Enam bulan sekali atau jika ada libur panjang, Apta selalu mudik ke Jawa dan selalu tinggal cukup lama sampai habis masa liburan. Karena itulah, ia tetap dekat dengan para santri disamping sikapnya yang ramah dan tidak sombong.
Baru sekali ini Ana melihat lelaki segagah Apta selama tinggal di pesantren. Di dalam hati, ia bertanya-tanya siapa gerangan lelaki itu.
Apta pun yang melihat para santri di sekeliling langsung tertegun begitu melihat sebagian wajah Ana di bawah kerudung abu-abu yang sedikit tertimpa cahaya matahari. Hatinya langsung bergetar dan mendadak seperti lupa pada situasi sekitar.

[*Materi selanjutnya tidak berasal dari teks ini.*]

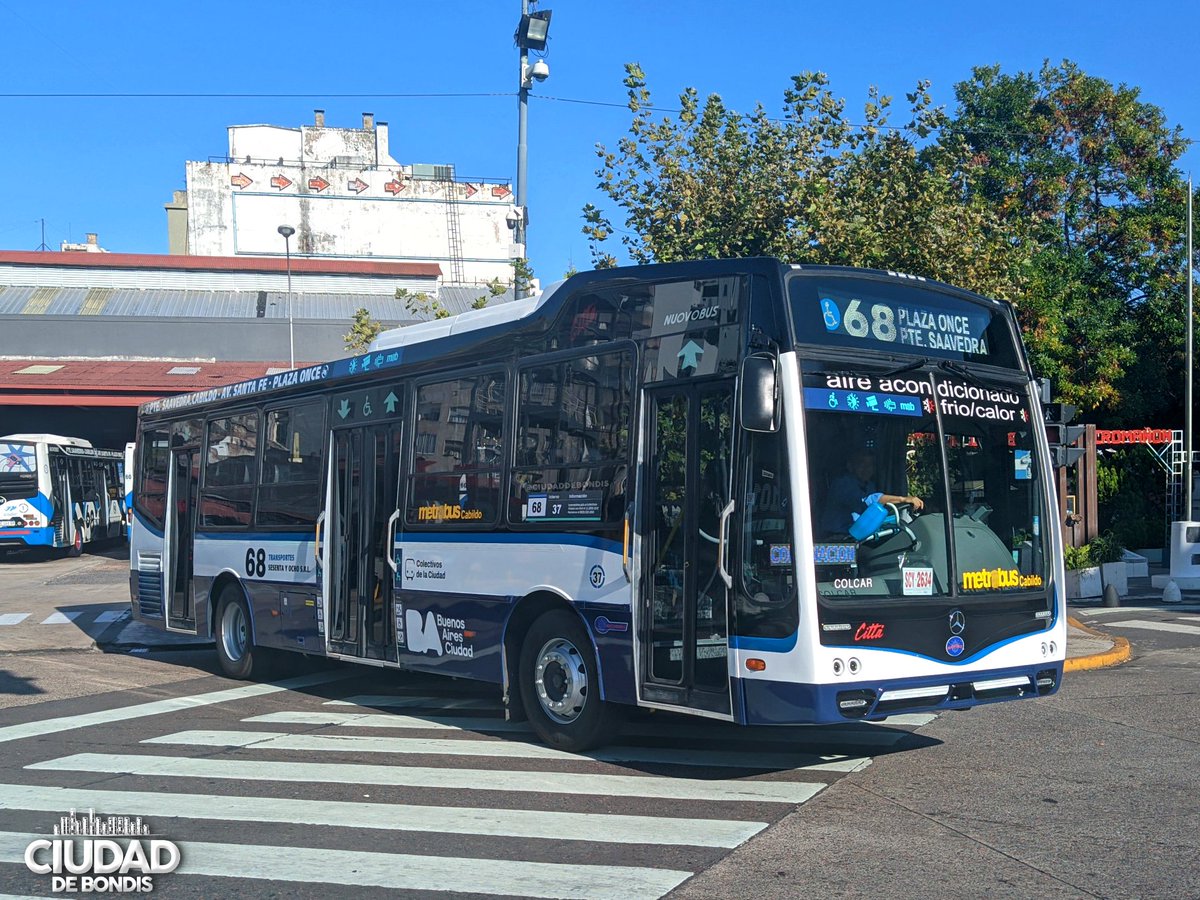 CiudadDeBondis's tweet photo. Porque la carrocería mas vista en la #Linea68 es por lejos, #Nuovobus.
El corte "neoclásico" tiene cosas propias y ajenas: lo propio, es que mantiene su tipografía en internos y destinos, no así en el número de línea. Lo ajeno: los fileploteos. https://t.co/lapcdKw5C2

“Gus ..., Gus Apta ...,” tegur Bena sahabatnya, agak ragu.
“Ehm. Maaf. Ada apa?”
“Ayo kita masuk, sudah ditunggu Kiai di dalam," ajak Bena.
“Ayo,”
Sejak pertama kali melihat Ana, gadis yang belum ia kenal di siang itu, Apta sering menyendiri di balkon rumahnya, menatap jauh ke seberang danau kecil di mana terdapat jajaran pondok santriwati. Satu pondok yang di halamannya tumbuh pohon jamblang selalu Apta pandangi.
Di dalam pondok itu, ada satu hawa yang langsung menarik hatinya hingga selalu berharap bisa dekat dengannya, seperti energi magnet yang bisa menarik, namun tidak tampak bentuknya seperti apa.